三菱重工機械システムは、建築研究所(茨城・つくば市)が備えている、地震の揺れを再現する振動台の更新工事を完了して引き渡したと1月31日に発表。従来の油圧式に代わり、サーボモーターを使った電動式を新たに採用し、消費電力は従来比約90%削減を見込む。搭載する実験模型の大型化・質量増にも対応する。

  • 建築研究所の振動台

今回更新した振動台は、建築物の実験模型を鋼製のテーブル上に設置し、実際に観測された地震の揺れを発生させることで建築物の耐震安全性を評価する試験装置。

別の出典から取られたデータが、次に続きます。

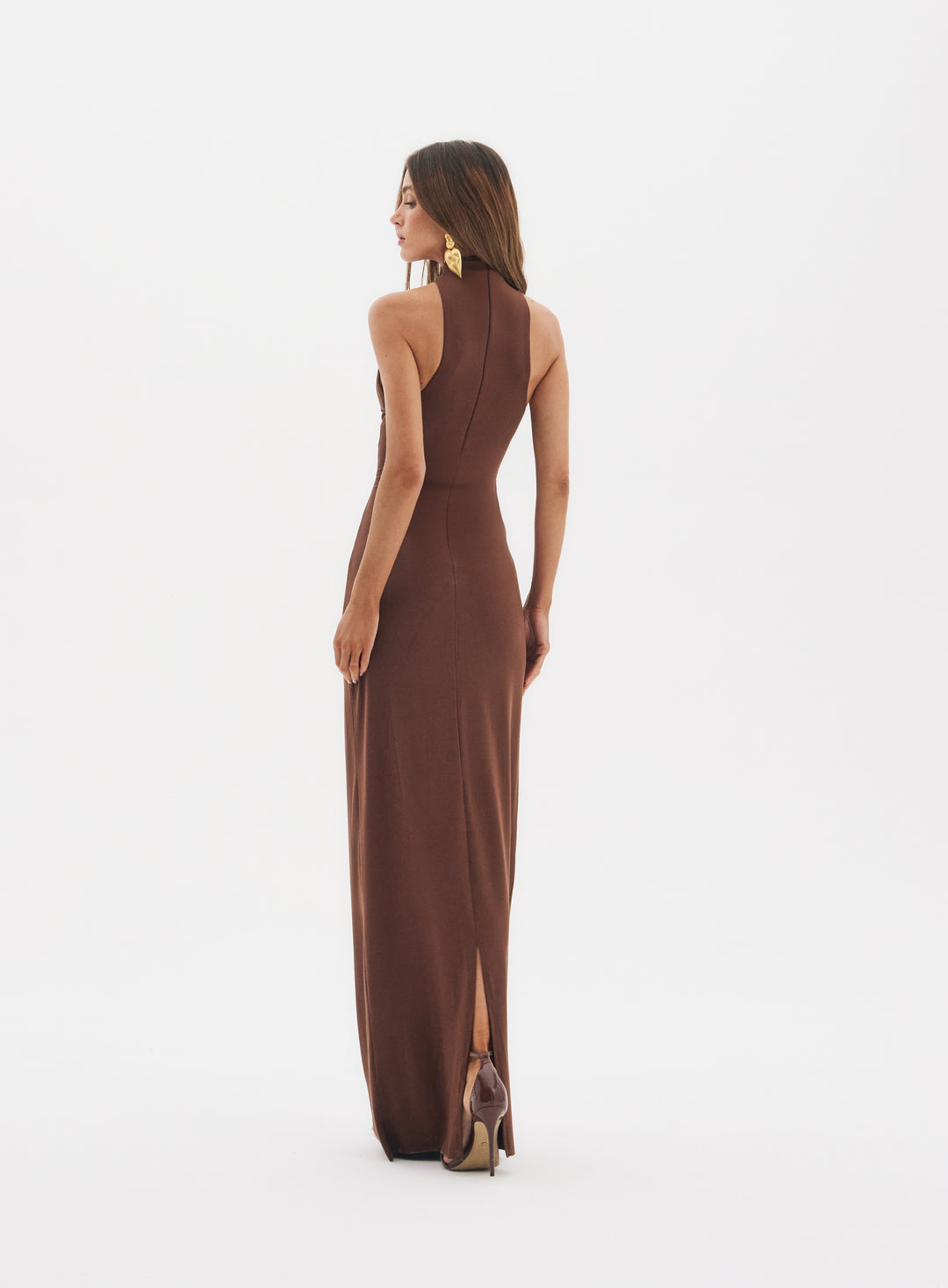 ELAINE DRESS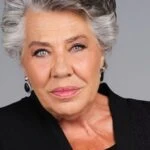 Işıl Yücesoy’dan takipçisinin kötü yorumuna cevap!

計10台のサーボモーターの回転をボールネジで水平一方向の運動に変換し、実験模型に実際の地震と同じ揺れを与えられるとする。また、実験模型を搭載する鋼製テーブルを従来の3m×4mから3.5m×4.5mに大型化し、搭載可能な実験模型の質量も20トンから30トンに増強。移動ストローク伸長の最大値は±150mmから±250mmに強化し、最大速度も±100cm/秒から±120cm/秒へとスピードアップさせた。

  • 振動台下部のサーボモーターとボールネジ機構

従来の地震振動台は油圧サーボ方式が一般的だったが、交流で動くサーボモーターの出力が増大し、より大きな負荷に対応できるようになったことから、中小型の地震振動台については電動式で実現可能になったとのこと。電動式にしたことで、油圧設備とそれを動かす動力源が不要になり、約9割の消費電力削減を見込むほか、油漏れリスクなどがないクリーンな環境も構築できたとしている。

建築研は、住宅・建築・都市計画に関わる技術の調査・試験・研究開発や、地震工学に関する研修などに取り組んでいる。ここで研究成果は、建築物の耐震設計や技術基準の策定に役立てられる。